Bagus Ardiyansyah
Dosen Sosiologi, Universitas
Udayana
Pegiat Sanglah Institute
Dunia saat ini dalam kondisi segalanya serba
cepat, efisien, dan efektif, sehingga mengerahkan kemampuan dan kerja keras
saja tidak selalu cukup. Terlebih lagi, jika individu hanya mengoptimalkan dirinya
sendiri untuk berjuang dalam meraih sesuatu, termasuk bekerja, bisa dikatakan fenomena ini akan berakhir pada
wacana “sudah berjuang sekuat tenaga, namun tetap tertinggal”. Hal ini
dikarenakan, ada satu faktor yang luput dari perhatian, yakni perlunya
memperluas jaringan atau koneksi sosial, di mana secara sosiologis disebut
sebagai modal sosial. Di tengah perkembangan revolusi saat ini—revolusi
industri 4.0 menuju 5.0—dunia kini kian terkoneksi sehingga diperlukan
kesadaran pentingnya koneksi atau relasi sosial yang bisa memengaruhi
keberhasilan seseorang.
Ketika jaringan sosial masih terbatas, maka
akses terhadap peluang seringkali tertutup, sebaliknya ketika jaringan sosial
luas, maka akses terhadap peluang seringkali datang dari siapa yang kita kenal,
bukan hanya dari apa yang kita tahu. Bukan dalam konteks karena nepotisme atau
hal negatif lainya, tetapi karena ada yang membukakan pintu, memberi arahan
serta mengenalkan pada peluang. Dengan kata lain, dalam memahami dinamika dunia
dan masyarakat saat ini, modal sosial bisa menjadi konsep penting yang
menjelaskan bagaimana hubungan sosial bisa dimanfaatkan sebagai sumberdaya,
sehingga kita tidak lagi hanya berpusat pada kemampuan dan kerja keras saja,
tetapi mengonversikannya menjadi kemampuan, kerja keras, dan kerja cerdas.
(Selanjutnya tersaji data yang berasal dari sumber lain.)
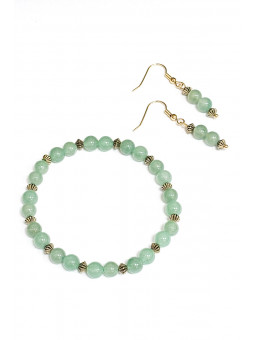 Pacchetto Bracciale e...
Lebih lanjut, modal sosial merupakan kekayaan
yang tidak selalu terlihat, tapi menentukan dalam hidup. Hal ini karena modal
sosial adalah kumpulan sumberdaya yang berasal dari hubungan sosial antara
individu, kelompok, atau institusi yang dapat dimanfaatkan guna mencapai tujuan
bersama maupun pribadi. Sebagaimana dikatakan Pierre Bourdieu bahwa modal
sosial sebagai kekuatan tak kasat mata yang memengaruhi posisi seseorang di
dalam masyarakat. Dalam hal ini, bukan saja sekadar punya banyak teman, namun
relasi sosial adalah alat strategis untuk mengakses kekuasaan, peluang ekonomi,
bahkan prestise sosial. Dalam kerangka pemikiran Bourdieu, modal sosial
terbentuk dari hubungan timbal-balik yang dibangun dalam jangka waktu lama,
bisa bersifat informal maupun formal. Oleh sebab itu, modal sosial tidak bisa
langsung diperoleh—menuntut investasi waktu serta energi dalam hal untuk
membangun kepercayaan, solidaritas, dan pengakuan sosial. Bisa dikatakan,
elemen kunci modal sosial adalah jaringan (networks), kepercayaan (trust),
norma dan nilai bersama, serta timbal-balik. Lebih dalam, Bourdieu membagi
modal sosial menjadi empat tipe:
1. Modal
ekonomi: sesuai definisinya, persoalannya mencakup jumlah pendapatan, aset,
pengeluaran, hingga tingkat konsumsi
2. Modal
budaya: diartikan sebagai keseluruhan kualifikasi intelektual yang dapat
diproduksi melalui pendidikan formal maupun warisan keluarga; lebih menekankan
pada tingkat keakraban dan kemampuan memanfaatkan bentuk-bentuk budaya yang
diakui oleh masyarakat.
3. Modal
sosial: termanifestasikan melalui hubungan-hubungan dan jaringan yang terbentuk
melalui ranah dan merupakan sumberdaya yang berguna dalam penentuan dan
reproduksi kedudukan-kedudukan sosial—kekuatan individu dalam jaringan sosial.
4. Modal
simbolik: hal ini bisa dikatakan sebagai akumulasi elemen-elemen seperti
kehormatan, gengsi, prestise, kekuasaan, legitimasi, dan penghargaan yang
dimiliki oleh pelaku sosial; menyorot dimensi simbolik yang melandasi pengaruh
dan keberhasilan dalam masyarakat.
Apabila modal sosial bisa muncul dalam bentuk
hubungan kekerabatan, kelompok agama atau gotong royong desa, kini bentuknya
sudah beragam. Seperti dalam konteks jejaring profesional, bisa kita jumpai di
LinkedIn, dan media sosial lainnya, hingga solidaritas dalam bentuk digital seperti
penggalangan dana online, petisi daring atau dukungan publik melalui
media sosial. Di era yang serba cepat saat ini, tantangan kita adalah menjaga
kedalaman relasi di tengah derasnya arus koneksi yang instan. Sebab, seperti
yang Bourdieu tekankan, modal sosial adalah investasi jangka panjang—ia tumbuh
ketika kita memberi, bukan hanya mengambil.